Una nuova alleanza tra educazione e didattica

“Il nostro obiettivo”, prosegue Gloria, “è promuovere un’alleanza tra mondo educativo e didattico; a scuola entriamo in punta di piedi, senza soluzioni preimpostate, ma mettendo i nostri strumenti a servizio dei docenti e delle esigenze del gruppo”. Un metodo incentrato sull’ascolto, come racconta Giulia, che è una delle educatrici operative nelle aule. “Spesso è la scuola a segnalarci le classi che hanno bisogno del nostro supporto; la prima fase dell’intervento è un’osservazione silenziosa, che ci consente di capire punti di forza e di debolezza; poi ci prendiamo un momento di confronto con le insegnanti, per condividere le nostre osservazioni e fissare obiettivi e modalità della nostra presenza”. L’attività di coprogettazione con la dirigenza scolastica e con i singoli docenti è un tassello fondamentale del percorso: è fondamentale per accordare obiettivi, strumenti, programmi, e per superare resistenze ed eventuali diffidenze. “Spesso il primo impatto è difficile, perché veniamo visti come intrusi, ma in realtà noi non vogliamo essere di ostacolo all’intervento didattico, ma di supporto e di integrazione, in veste creativa e ludica; vogliamo aiutare a veicolare una visione diversa della scuola, non come una costrizione ma come un’opportunità di imparare anche attraverso momenti divertenti”.

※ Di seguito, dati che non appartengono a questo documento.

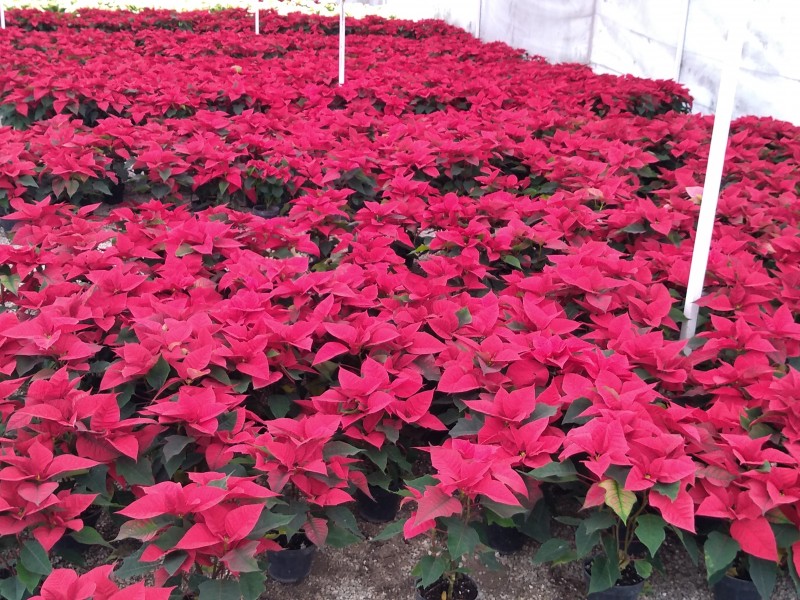 30 mil flores de noche buena se venden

Innovare la pedagogia per riaccendere la motivazione

Ciò che conta è il risultato finale: restituire ai ragazzi una motivazione, riaccendere in loro la scintilla del piacere di stare a scuola. “I problemi si creano quando manca la partecipazione attiva”, sottolinea Gloria, “e questo può avvenire per vari motivi; in quartieri come Tor Bella Monaca pesano la mancanza di stimoli e diversi fattori ambientali, sociali e familiari”. E secondo Giulia, anche l’eterogeneità cultuale degli alunni deve essere tenuta in considerazione, “perché fattori come la lingua o la mancata comprensione di alcuni argomenti trattati a scuola possono causare una presenza passiva”. Per rispondere a queste sfide cruciali, però, la scuola deve sapersi evolvere e reinventare, almeno in parte, accogliendo gli stimoli della pedagogia innovativa. Su questo fronte, lo sguardo delle operatrici di Antropos è (cautamente) ottimista, soprattutto nei confronti degli insegnanti. “I docenti vogliono innovare la pedagogia, ma è la struttura che si trascina in una tradizione che non risponde più alle esigenze di oggi; il singolo ha la spinta ma si interfaccia con un sistema molto più costretto”.